Artık emperyalist sistemin her uygulaması, bu keskin
çelişkilerin daha da bilenmesine ve daha da keskinleşmesine
hizmet etmeye başlamıştır. İşte bu verimli zemin üzerinde
eksik olan tek nokta, devrimci irade, örgütlülük ve
savaşımdır.
Elbette yeryüzünde mücadele eden devrimci hareketler,
tümüyle yok değildir, şu veya bu biçimde mücadelelerini,
çeşitli coğrafyalarda vermektedirler. Ancak, verilen
bu mücadelelerin olumlu ve başarılı olan yanlarının
yanısıra, temel noktalarda eksiklikleri-yanlışları da
vardır. Dahası, içinde bulunulan koşullarda, olgunlaşmış
zemine ve olanaklara oranla yapılanlar, yeterli değildir
ve ihtiyacı karşılamamaktadır.
Sözgelimi, kimi coğrafyalarda, yıllardır verilen ama
henüz istenilen düzeyde sonuçlara imza atamamış olan
gerilla savaşlarını, biraz da bu noktalardan değerlendirmek
gerekiyor. Ki, burada bulacağımız en temel sonuç (sorun)

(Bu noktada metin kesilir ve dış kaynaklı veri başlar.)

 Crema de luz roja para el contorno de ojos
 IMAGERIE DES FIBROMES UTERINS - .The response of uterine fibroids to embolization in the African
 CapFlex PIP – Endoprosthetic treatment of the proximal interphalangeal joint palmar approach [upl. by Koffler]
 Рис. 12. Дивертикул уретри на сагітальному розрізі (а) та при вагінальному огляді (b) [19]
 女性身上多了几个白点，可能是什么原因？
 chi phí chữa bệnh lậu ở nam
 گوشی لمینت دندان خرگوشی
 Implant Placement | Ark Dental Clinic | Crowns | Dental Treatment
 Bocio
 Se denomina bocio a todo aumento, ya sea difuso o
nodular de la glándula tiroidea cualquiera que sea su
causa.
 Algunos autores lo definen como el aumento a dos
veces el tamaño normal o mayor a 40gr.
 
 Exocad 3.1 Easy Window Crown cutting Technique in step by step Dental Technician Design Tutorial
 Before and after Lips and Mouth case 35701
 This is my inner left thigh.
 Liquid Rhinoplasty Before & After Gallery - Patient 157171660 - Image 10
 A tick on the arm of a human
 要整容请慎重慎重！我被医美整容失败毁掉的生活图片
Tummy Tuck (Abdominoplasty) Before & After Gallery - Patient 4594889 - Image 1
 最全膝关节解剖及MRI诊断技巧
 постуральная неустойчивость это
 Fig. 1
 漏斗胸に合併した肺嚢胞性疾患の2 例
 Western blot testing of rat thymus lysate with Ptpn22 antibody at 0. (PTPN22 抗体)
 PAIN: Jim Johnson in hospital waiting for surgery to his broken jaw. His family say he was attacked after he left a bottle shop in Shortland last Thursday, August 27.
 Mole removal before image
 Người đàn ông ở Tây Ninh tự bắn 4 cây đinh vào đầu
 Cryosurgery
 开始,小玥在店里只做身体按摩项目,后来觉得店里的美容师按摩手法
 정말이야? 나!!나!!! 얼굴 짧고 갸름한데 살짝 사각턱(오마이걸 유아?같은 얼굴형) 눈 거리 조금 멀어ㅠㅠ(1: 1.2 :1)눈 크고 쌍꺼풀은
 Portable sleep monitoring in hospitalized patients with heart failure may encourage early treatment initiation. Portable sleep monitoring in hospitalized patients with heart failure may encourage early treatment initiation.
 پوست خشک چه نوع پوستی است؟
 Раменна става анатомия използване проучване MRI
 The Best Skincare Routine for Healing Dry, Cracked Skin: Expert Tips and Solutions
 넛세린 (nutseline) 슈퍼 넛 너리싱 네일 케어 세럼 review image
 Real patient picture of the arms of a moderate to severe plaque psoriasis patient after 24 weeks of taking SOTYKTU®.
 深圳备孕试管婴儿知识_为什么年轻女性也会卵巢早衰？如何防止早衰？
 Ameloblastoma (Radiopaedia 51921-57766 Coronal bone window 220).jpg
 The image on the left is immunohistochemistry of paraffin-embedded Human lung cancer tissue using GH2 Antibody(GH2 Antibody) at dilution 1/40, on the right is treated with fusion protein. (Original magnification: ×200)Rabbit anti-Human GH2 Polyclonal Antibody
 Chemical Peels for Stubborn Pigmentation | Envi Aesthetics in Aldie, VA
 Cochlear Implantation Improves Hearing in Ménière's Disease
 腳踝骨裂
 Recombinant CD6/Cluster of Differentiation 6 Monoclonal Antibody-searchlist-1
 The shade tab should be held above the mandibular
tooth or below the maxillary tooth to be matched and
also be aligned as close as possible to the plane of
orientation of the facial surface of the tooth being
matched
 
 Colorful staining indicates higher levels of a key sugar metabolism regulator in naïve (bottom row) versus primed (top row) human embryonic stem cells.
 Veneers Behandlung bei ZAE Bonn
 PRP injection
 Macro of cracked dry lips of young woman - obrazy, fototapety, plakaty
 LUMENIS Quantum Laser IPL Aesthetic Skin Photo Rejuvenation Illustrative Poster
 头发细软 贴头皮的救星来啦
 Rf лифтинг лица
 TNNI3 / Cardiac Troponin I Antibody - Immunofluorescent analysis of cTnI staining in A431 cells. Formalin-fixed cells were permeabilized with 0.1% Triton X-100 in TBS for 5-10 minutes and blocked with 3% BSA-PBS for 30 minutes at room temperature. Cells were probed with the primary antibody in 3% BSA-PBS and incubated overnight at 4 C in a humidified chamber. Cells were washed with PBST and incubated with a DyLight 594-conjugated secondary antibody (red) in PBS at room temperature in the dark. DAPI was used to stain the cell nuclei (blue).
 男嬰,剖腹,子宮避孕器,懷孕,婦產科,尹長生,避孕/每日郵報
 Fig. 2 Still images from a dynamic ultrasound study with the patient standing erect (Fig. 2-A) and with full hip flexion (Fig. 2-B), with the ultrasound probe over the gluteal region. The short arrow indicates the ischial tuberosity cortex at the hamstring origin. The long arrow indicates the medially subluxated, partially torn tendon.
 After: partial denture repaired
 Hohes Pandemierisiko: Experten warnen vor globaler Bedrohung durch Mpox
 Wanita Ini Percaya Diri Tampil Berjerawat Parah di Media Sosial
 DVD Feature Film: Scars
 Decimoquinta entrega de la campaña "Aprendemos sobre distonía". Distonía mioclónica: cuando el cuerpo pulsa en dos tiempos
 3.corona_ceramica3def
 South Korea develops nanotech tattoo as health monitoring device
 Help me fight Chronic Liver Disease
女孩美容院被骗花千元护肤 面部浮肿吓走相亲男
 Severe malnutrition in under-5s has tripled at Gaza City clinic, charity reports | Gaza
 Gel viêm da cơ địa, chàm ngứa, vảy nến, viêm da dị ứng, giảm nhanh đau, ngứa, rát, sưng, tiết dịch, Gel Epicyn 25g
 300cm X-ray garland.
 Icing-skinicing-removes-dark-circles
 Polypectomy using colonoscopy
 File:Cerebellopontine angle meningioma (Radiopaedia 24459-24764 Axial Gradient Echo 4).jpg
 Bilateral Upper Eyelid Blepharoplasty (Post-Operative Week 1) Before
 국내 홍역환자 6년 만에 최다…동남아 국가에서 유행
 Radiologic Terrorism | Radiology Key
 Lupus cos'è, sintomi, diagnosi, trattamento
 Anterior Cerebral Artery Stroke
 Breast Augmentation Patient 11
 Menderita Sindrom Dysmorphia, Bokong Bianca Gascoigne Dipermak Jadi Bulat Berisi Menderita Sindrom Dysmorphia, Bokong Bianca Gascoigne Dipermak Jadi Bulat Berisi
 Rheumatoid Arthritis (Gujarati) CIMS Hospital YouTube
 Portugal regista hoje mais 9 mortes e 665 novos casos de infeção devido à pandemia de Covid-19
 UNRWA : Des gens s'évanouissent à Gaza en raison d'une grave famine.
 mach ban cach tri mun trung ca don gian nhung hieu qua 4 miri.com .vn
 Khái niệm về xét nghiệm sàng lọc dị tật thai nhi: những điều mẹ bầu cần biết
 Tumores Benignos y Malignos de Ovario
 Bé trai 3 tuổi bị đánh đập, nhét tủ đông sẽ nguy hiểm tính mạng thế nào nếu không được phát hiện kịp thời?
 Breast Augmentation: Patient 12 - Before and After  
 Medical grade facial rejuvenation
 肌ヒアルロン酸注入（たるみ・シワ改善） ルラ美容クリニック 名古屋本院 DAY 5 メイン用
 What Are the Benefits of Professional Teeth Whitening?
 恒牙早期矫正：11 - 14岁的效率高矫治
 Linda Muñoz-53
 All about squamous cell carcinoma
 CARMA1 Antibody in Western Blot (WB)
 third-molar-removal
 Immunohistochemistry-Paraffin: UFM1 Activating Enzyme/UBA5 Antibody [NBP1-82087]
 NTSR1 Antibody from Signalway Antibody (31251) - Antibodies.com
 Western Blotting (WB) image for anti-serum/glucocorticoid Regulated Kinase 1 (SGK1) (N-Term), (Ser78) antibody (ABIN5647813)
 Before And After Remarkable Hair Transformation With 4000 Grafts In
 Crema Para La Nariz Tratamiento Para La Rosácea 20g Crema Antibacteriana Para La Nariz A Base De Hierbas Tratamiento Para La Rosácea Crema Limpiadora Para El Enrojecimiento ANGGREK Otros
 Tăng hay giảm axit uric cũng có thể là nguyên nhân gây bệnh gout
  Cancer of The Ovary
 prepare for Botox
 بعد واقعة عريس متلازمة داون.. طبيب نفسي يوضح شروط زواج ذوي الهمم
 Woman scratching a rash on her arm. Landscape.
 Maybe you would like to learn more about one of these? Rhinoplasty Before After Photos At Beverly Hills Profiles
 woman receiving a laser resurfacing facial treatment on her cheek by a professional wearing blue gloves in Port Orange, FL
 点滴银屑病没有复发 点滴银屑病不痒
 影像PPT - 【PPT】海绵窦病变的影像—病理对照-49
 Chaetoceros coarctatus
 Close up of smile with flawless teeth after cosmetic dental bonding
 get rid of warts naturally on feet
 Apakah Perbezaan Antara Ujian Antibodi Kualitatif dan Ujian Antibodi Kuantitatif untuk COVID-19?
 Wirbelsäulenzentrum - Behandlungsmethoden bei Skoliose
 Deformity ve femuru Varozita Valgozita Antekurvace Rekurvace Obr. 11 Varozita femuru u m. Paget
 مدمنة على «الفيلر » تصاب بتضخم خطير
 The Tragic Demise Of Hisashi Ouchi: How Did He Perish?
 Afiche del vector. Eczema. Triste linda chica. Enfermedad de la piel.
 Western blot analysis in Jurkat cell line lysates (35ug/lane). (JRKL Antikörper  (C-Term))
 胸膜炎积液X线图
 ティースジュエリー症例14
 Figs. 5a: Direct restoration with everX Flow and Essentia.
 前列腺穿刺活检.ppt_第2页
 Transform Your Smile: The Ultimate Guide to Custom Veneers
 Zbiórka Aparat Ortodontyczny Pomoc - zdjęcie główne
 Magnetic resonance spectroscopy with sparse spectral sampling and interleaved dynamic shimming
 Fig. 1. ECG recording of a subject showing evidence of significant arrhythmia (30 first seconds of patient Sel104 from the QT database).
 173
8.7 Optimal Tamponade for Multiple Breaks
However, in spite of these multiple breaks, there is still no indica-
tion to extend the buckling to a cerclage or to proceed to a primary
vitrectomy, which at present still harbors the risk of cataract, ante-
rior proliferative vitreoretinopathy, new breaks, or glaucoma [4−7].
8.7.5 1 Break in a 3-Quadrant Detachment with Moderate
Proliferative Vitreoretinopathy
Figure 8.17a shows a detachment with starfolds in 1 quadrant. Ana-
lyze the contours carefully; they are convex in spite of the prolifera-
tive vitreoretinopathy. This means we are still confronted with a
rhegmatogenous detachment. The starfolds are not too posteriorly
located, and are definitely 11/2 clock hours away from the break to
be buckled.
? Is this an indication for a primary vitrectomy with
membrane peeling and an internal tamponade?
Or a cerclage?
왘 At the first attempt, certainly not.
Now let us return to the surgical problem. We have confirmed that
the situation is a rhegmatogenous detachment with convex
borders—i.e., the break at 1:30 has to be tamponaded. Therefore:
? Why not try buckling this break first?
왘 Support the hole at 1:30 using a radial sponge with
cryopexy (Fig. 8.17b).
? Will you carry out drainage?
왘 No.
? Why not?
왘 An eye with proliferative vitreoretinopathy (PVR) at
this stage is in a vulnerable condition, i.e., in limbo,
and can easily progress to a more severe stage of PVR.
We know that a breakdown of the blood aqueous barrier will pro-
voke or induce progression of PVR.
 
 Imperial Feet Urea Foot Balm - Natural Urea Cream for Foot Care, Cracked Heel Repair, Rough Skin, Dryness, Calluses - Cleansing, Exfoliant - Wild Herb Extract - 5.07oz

bu gerilla hareketlerinin devrim-örgüt ve çalışma tarzlarının,
M-L öze uygunluğu, özelde "silahlı mücadele anlayışındaki"
özelliklerdir.
Tam da bu noktada, bazı önemli noktalara vurgu yapmak
gerekiyor. Yaşanılan onca geriliğe, çözümsüzlüğe ve
sorunlara karşın, nesnel-sosyal, bilimsel-tarihsel boyutlarda,
kapitalizme karşı sosyalizmin güçlülüğü ve haklılığı,
bizim temel sorunumuzdur.
Nesnel Boyutta: Emperyalizmin, dünya halklarına
karşı her yönden saldırganlığı artmakta, dünyada gelir
dengesizliği ve gelir uçurumu hergün biraz daha fazla
derinleşmekte, "açlık ordusu", sefalet sınırında
yaşayan insanların oluşturduğu ordular, ölümle yüzyüze,
her gün biraz daha fazla çoğalmaktadır.
Dünyanın hemen her köşesinde estirilen savaş rüzgarları
ile, bölgeler birer "ölüm coğrafyasına" dönüşüyor,
ve yeryüzünde ölümün yaşamdan daha egemen olduğu bir
zaman kesitinde yaşıyoruz.
Sosyalizm, nesnel olarak insanlığa bugün, her zamankinden
daha yakındır. Devrimin ve sosyalizmin koşulları-olanakları,
bundan önce hiçbir dönemde olmadığından daha fazlasıyla
mevcuttur. Emperyalizmin, insanlığın önüne koyduğu tüm
seçenekler denenmiş ve tüketilmiştir.
Sosyal Boyutta: Bugün dünyanın her köşesinde, ister
sınıfsal, ister ulusal ya da asgari insan hakları temelinde
olsun, emperyalist gericiliğe karşı örgütlü-örgütsüz
bir tepkisellik vardır. Bu tepkiler, bir yerde kendini
grevler, sokak çatışmaları biçiminde gösterirken bir
başka yerde ulusal kurtuluş savaşları-gerilla savaşları
biçimlerinde göstermektedir. Coğrafyaları ve araçları
farklı olan bu göstergelerin temel ortaklığı, emperyalizme
karşı duruşlarıdır. Bu temelin ötesindeki çeşitlilik,
mücadelelerin zenginliği olarak kavranmalıdır.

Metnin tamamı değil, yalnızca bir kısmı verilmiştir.